Work request: The answer must consist solely of the lines from the one with "Timtin 84 Pcs" through the last line of the data, copied exactly, with no pictures.

Dataset:
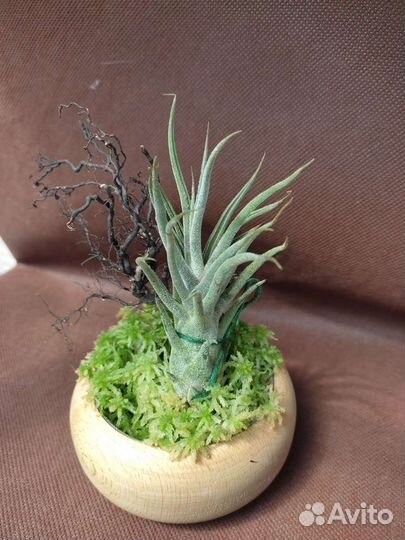 Тилландсия атмосферная Новое поступление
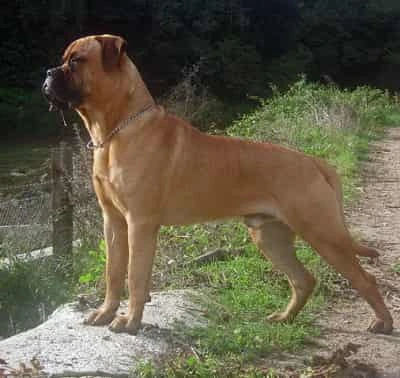 Bullmastiff dog in a standing pose outside Bullmastiff dog in a standing pose against a rock outside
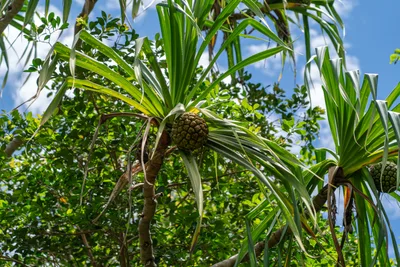 20230408_0359_4x4_hawaii.webp
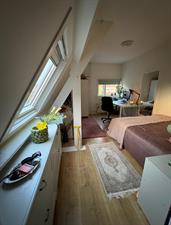 Room for rent 690 euro Rozenboomlaan, Voorburg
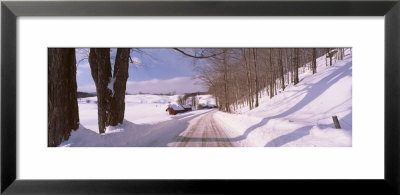 Trees On Both Side Of A Road, Vermont, Usa by Panoramic Images Pricing Limited Edition Print image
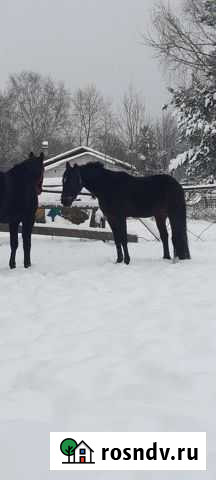 Чудо конь Красный Бор - изображение 1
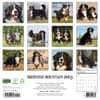 image Just Bernese Mountain Dogs 2027 Wall Calendar First Alternate Image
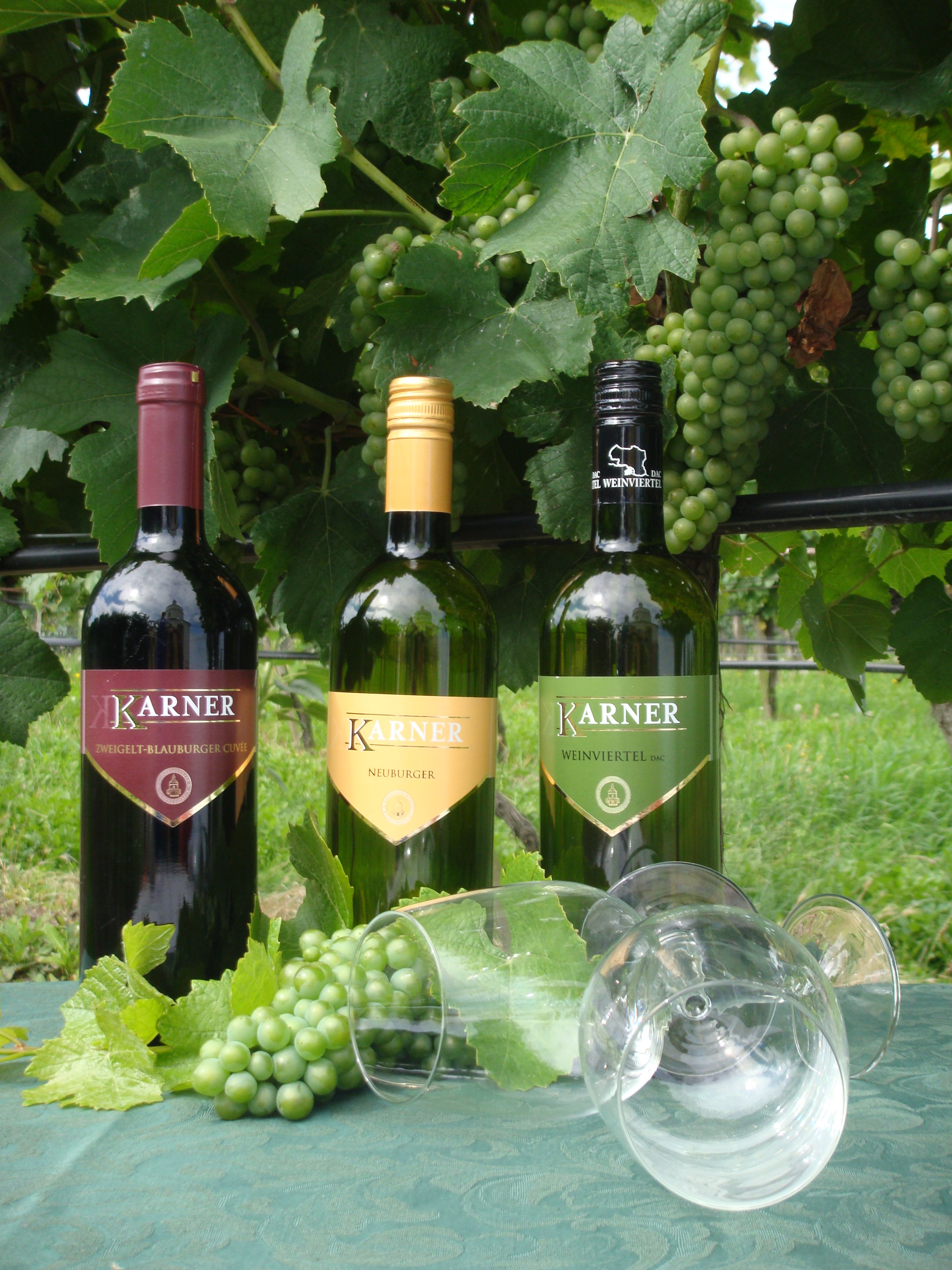 Three bottles of Karner wine with grapes and wine glasses on a table in front of vines.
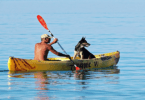 Guide to Kayaking With Your Dog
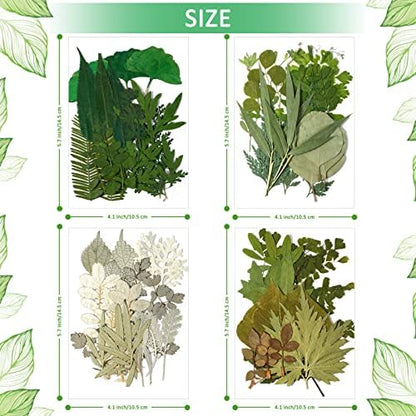 Timtin 84 Pcs Dried Pressed Leaves Flowers for Resin, Classic - Image 5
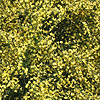 Cytisus X praecox - Allgold - Broom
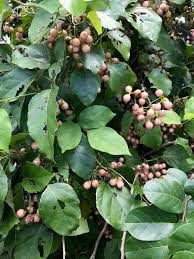 Image result for Cordia dichotoma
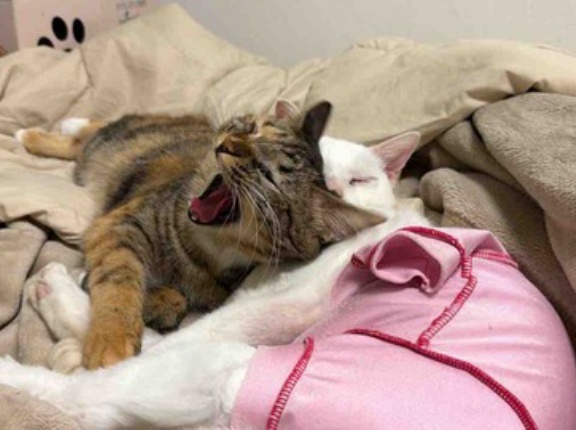 猫団子の季節　20251028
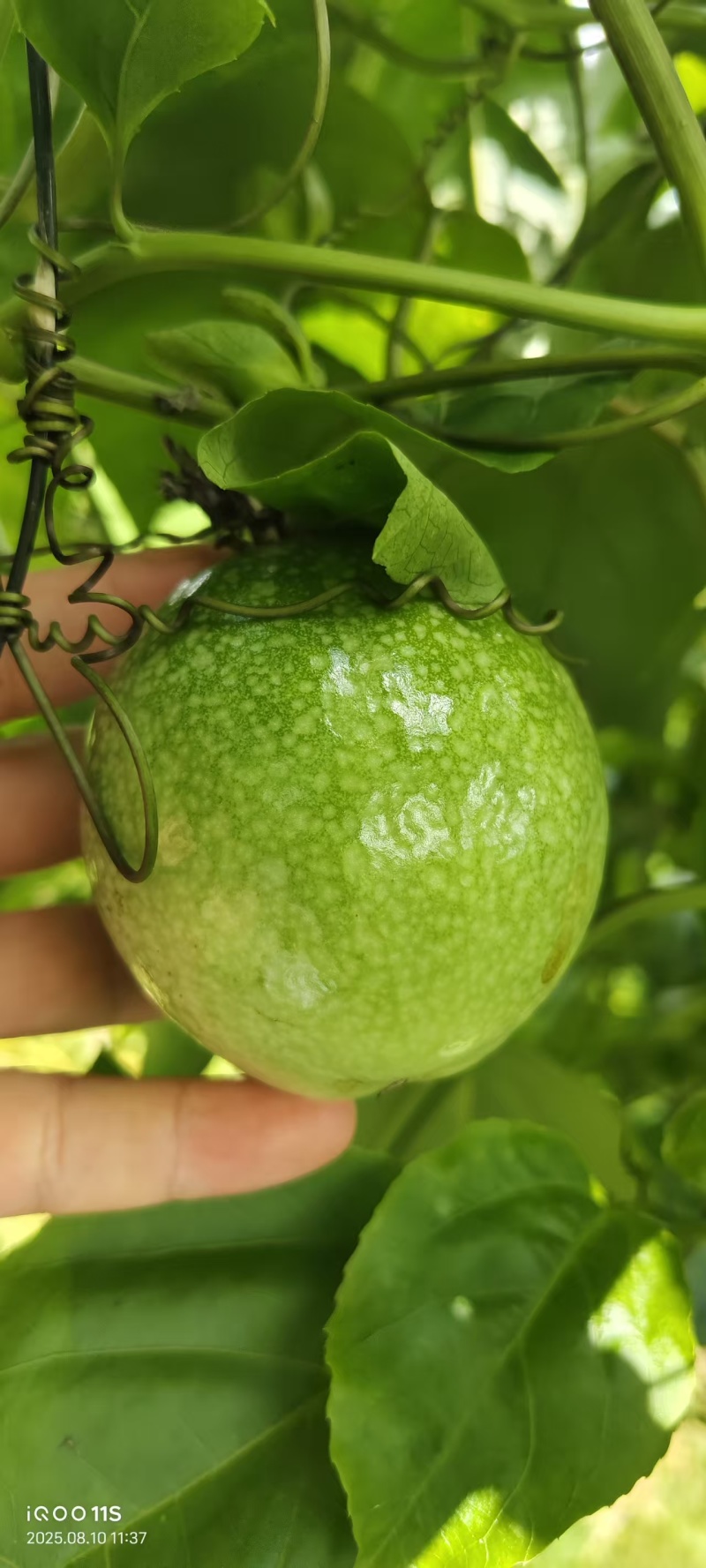 黄金百香果，满载大自然的馈赠，与甜蜜。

The answer:
 Timtin 84 Pcs Dried Pressed Leaves Flowers for Resin, Classic - Image 5
 Cytisus X praecox - Allgold - Broom
 Image result for Cordia dichotoma
 猫団子の季節　20251028
 黄金百香果，满载大自然的馈赠，与甜蜜。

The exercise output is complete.